Wednesday, August 6, 2008

The Great Oil Give-Away

The recent hysteria over drilling is a thinly veiled attempt to give the public's assets to private corporations.

Some of the oil companies' defenders have claimed that the royalties paid by the oil companies are fair compensation for the damage they do and the fortune they reap from the public lands. But the GAO reports that government giveaways to the oil companies have cost the taxpayers billions of dollars.

If we actually give the oil companies access to additional lands for exploitation, we need to ensure that:

  • Fair compensation is paid

  • Adequate environmental protections are enforced

  • Use it or lose it rules are in place

As the GAO report pointed out, the Dept of the Interior has broad latitude in writing those leases. I don't think it is much of a stretch to say that the oil companies are desperate to have their buddies in the lame duck Bush administration write exceedingly favorable terms into the leases for ANWR and OCS.

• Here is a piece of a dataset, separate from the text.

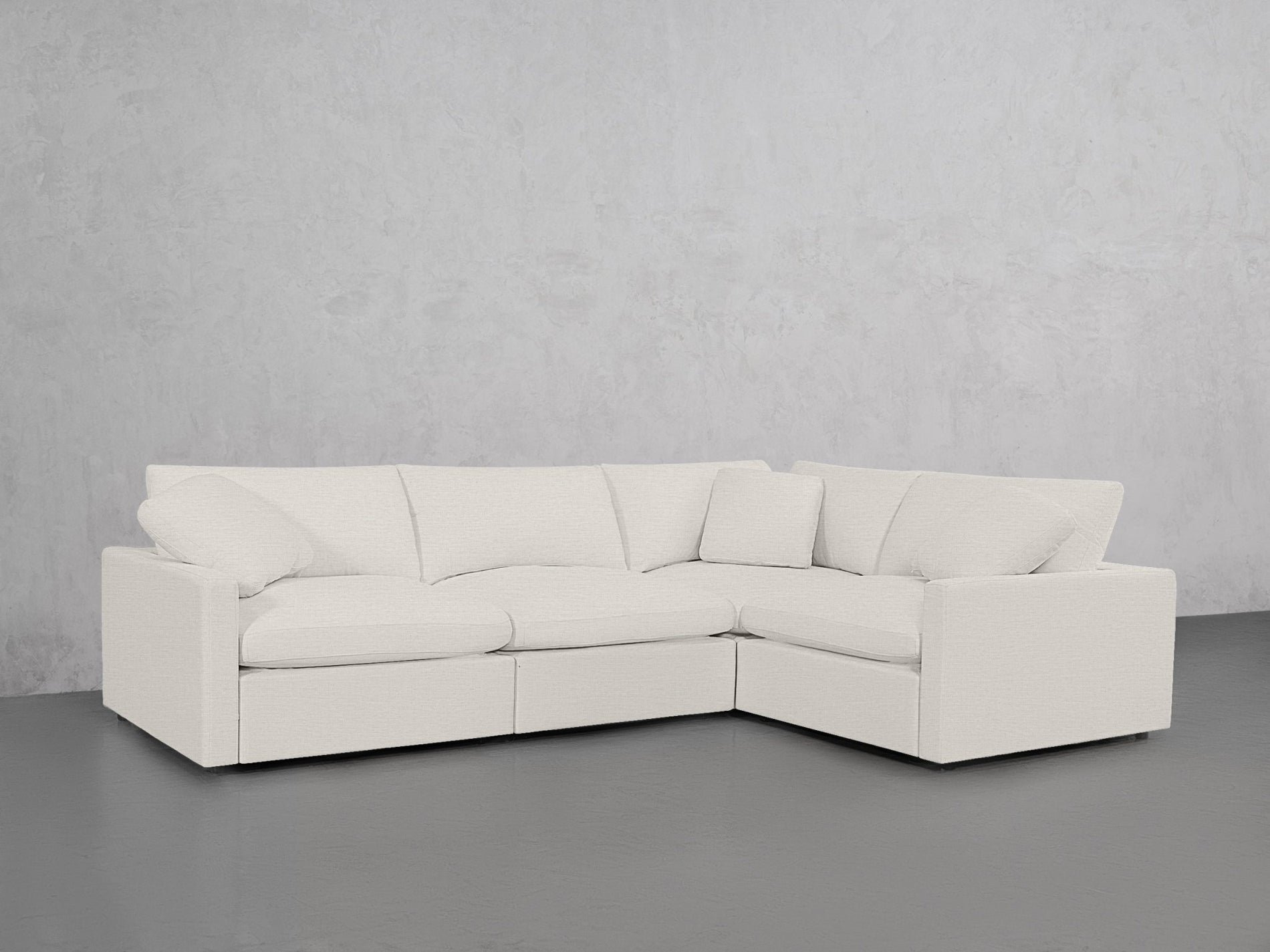 4-Seat Modular Corner Right Sectional (Thin Arms) - 7th Avenue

We have lost tons of money to outright fraud by the oil companies. The US government has screwed up lease contracts, giving away billions of dollars of royalties. Inadequate auditing has allowed sloppy paperwork to cheat taxpayers out of royalty payments. Lobbyists in the great Washington revolving door have arranged for subsidies and sweetheart deals for their corporate masters.

But last month, the Bush administration confirmed that it expected the government to waive about $7 billion in royalties over the next five years, even though the industry incentive was expressly conceived of for times when energy prices were low. And that number could quadruple to more than $28 billion if a lawsuit filed last week challenging one of the program's remaining restrictions proves successful.

"The big lie about this whole program is that it doesn't cost anything," said Representative Edward J. Markey, a Massachusetts Democrat who tried to block its expansion last July. "Taxpayers are being asked to provide huge subsidies to oil companies to produce oil — it's like subsidizing a fish to swim."